◆ GIVEN MATERIAL:
----------------------------------------
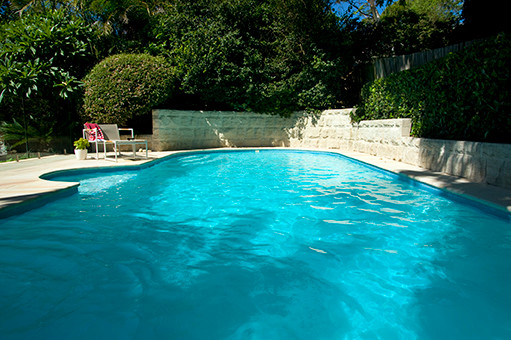 This is an example of a medium sized contemporary back rectangular swimming pool in Sydney with natural stone paving.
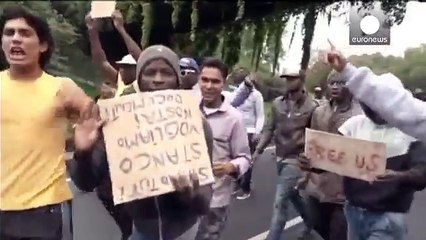 Migrants: scuffles with police as hundreds march in Milan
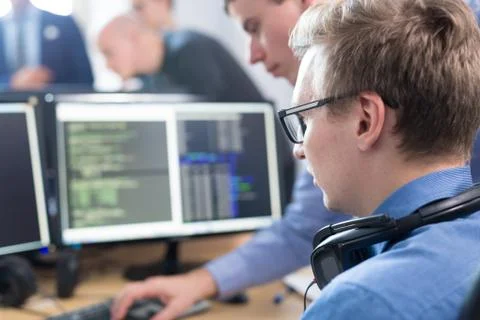 Startup business problem solving. Software developers working on desktop Foto stock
----------------------------------------
Output only the lines that run from the line containing "Migrants: scuffles with" to the last line of the data, exactly as they stand and without pictures.

◆ RESULT OF THE EXERCISE:
 Migrants: scuffles with police as hundreds march in Milan
 Startup business problem solving. Software developers working on desktop Foto stock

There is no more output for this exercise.